Applying the distinction to the tutorial page: the static value doesn't have a lifetime, but it lasts "forever" (the run of your program). It's liveness scope is "forever". If the type of a static happens to have lifetimes, those lifetimes must be 'static.

Let's talk about Rust lifetimes ('_) first.

If the type of a const declared at the top level has lifetimes, those lifetimes are 'static. There's no other named lifetimes it could be, after all. However, you can also declare consts in other places, like associated constants of types. In those contexts, a 'static default for elided lifetimes doesn't apply, and there are may be other possible named lifetimes available (if the type or any traits involved have lifetime parameters).

Additionally, there was an accidental stabilization of allowing elided lifetimes in associated consts to be inferred at the use site (which is more general than being 'static, and thus more general than top-level consts). For now, eliding explicit lifetimes in a context other than the top level generates a warning. Some day it may once again be an error.

Examples. (And some invariance/inferred examples.)

...so any lifetimes in the types of a const declared at the top level are 'static, in associated consts they may or may not be 'static, or it might even be inferred at the use site and not enforced at the declaration site (for now).

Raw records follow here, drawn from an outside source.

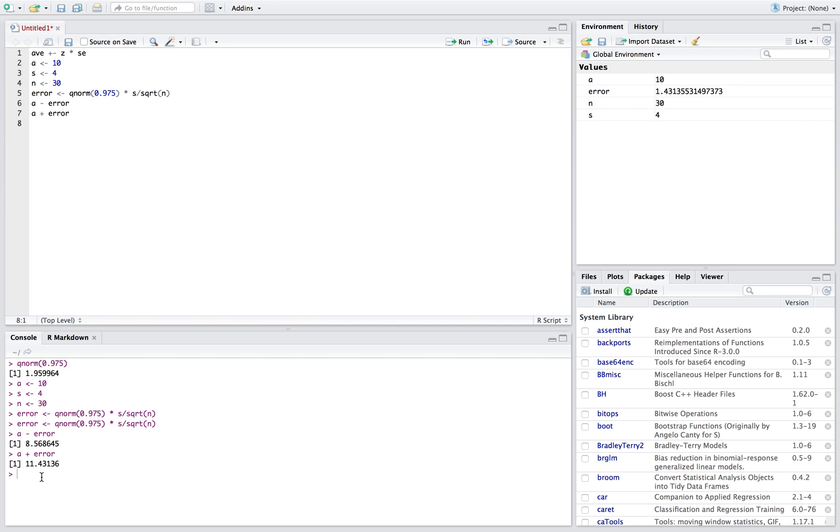So again, just in stat words, we're 95% confident that the actual true population average is gonna be somewhere between 8.57 and 11.43.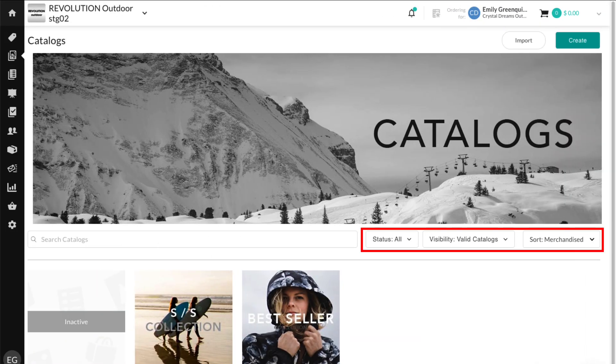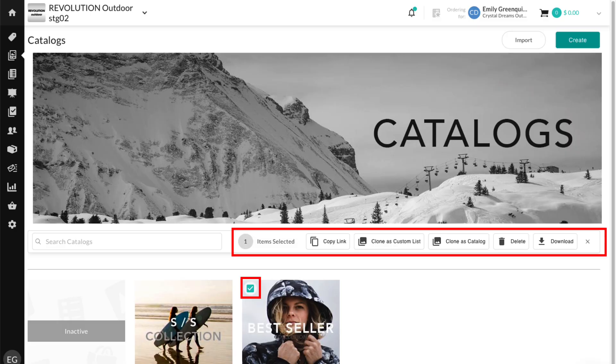Manage line sheets with a streamlined layout and bulk actions. Sort and filter options are now in the top right corner. And checkboxes let you take action, like downloading, on one or multiple line sheets.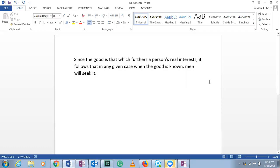Hi everybody, this is from section 1.1, basic concepts of arguments, premises and conclusions. We are supposed to identify premises and conclusions if they exist. I think these are all arguments. So this is number two.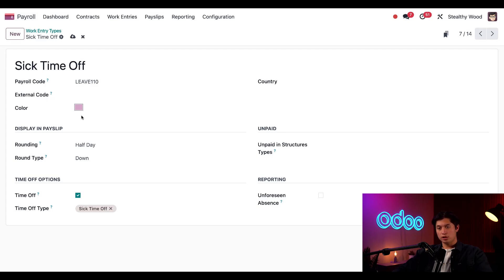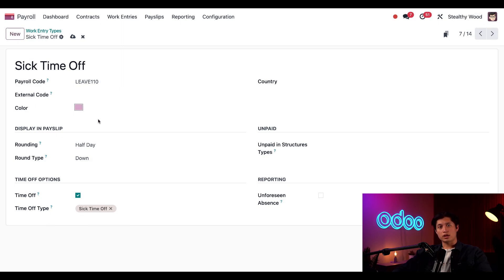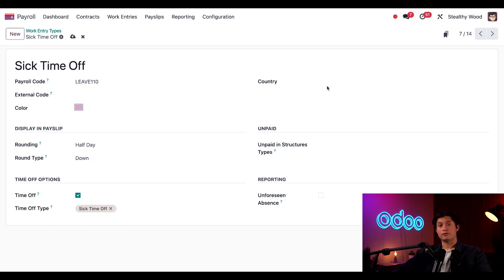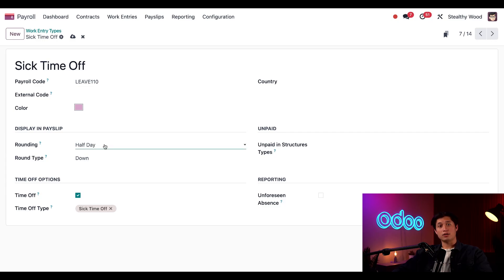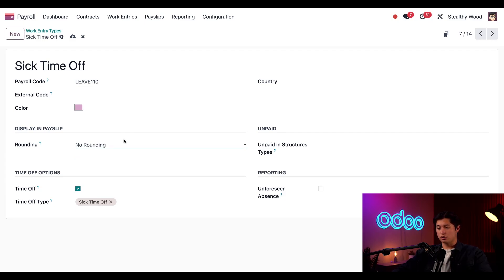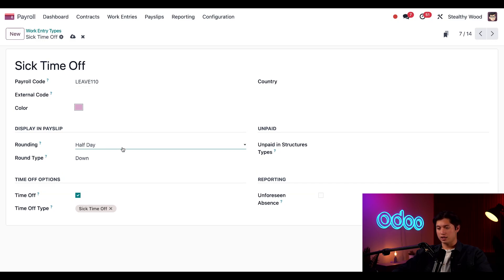Down below we can also specify a color for the work entry and in this case we're using pink. If this work entry type was specific to a country, I could select that country in the drop down field right here. But since this one is universal, there's no need to add anything else. Now this display in payslip section, we have the rounding down drop down field. In here, this explains how time is calculated. My options are no rounding, half day, full day. But we're going to go ahead and keep this on half day for now.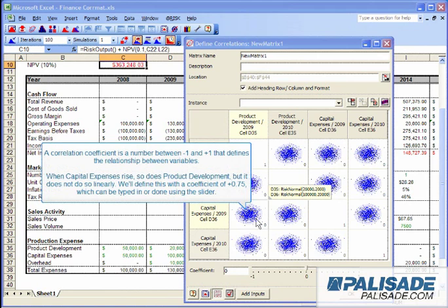When capital expenses rises, so does product development, but it does not do so linearly. We'll define this with a coefficient of positive 0.75, which can be typed in or done using the slider.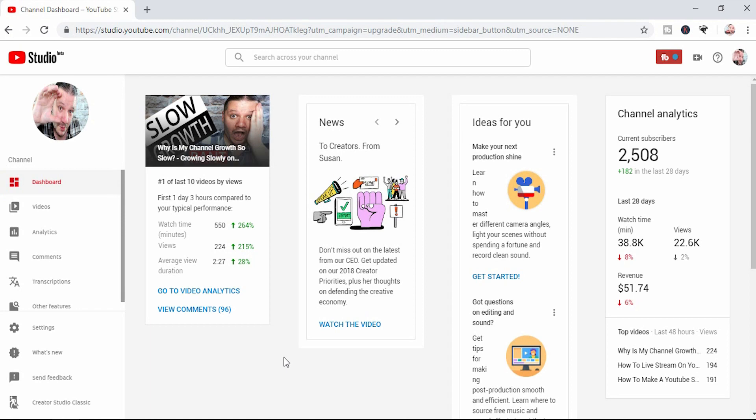As we get closer and closer to January 2019, YouTube is defaulting many of us into the YouTube Studio beta, and in the long run the plan is to make the Studio beta the brand new YouTube Studio that everybody uses. If you prefer the classic mode, for the short period of time that we have it left, there are a couple of ways that you can make sure it's always there for you.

Now let's talk about liveness scopes.

A const acts as-if if you pasted the definition everywhere you use the const value. So the liveness scope is going to depend on how you use the value. If the type of the const satisfies a 'static bound, you could perhaps[1] assign it to a static and the value will last forever. Or you could assign it to a local variable, and the liveness of that value will act like any other local variable.

@drewtato mentioned constant promotion -- if you use the const in such a way that the compiler decides it should use constant promotion to make the value a static value, naturally the value will last forever (and any lifetimes of the type will necessarily be 'static).

  1. static types must also be Sync, but const types don't have to be -- since there is no global value at the declaration site ↩︎

consts are neither variables nor some kind of "storage", meaning they don't have lifetimes. Instead, they are just an alias for a value, in kinda the same way that true is a way to name the "true" variant value of the bool type.

You may see the effect of rvalue static promotion when using them (which allows to upgrade references to some kind of constant expressions to 'static references, by implicitly putting them into static storage), but that's something separated from const declarations and in fact works for other types of expressions too (e.g. the true mentioned before).

Thanks for your explanation. I am still trying to understand.

const values get inserted into wherever they are used, so the const declaration itself doesn't have any associated lifetime.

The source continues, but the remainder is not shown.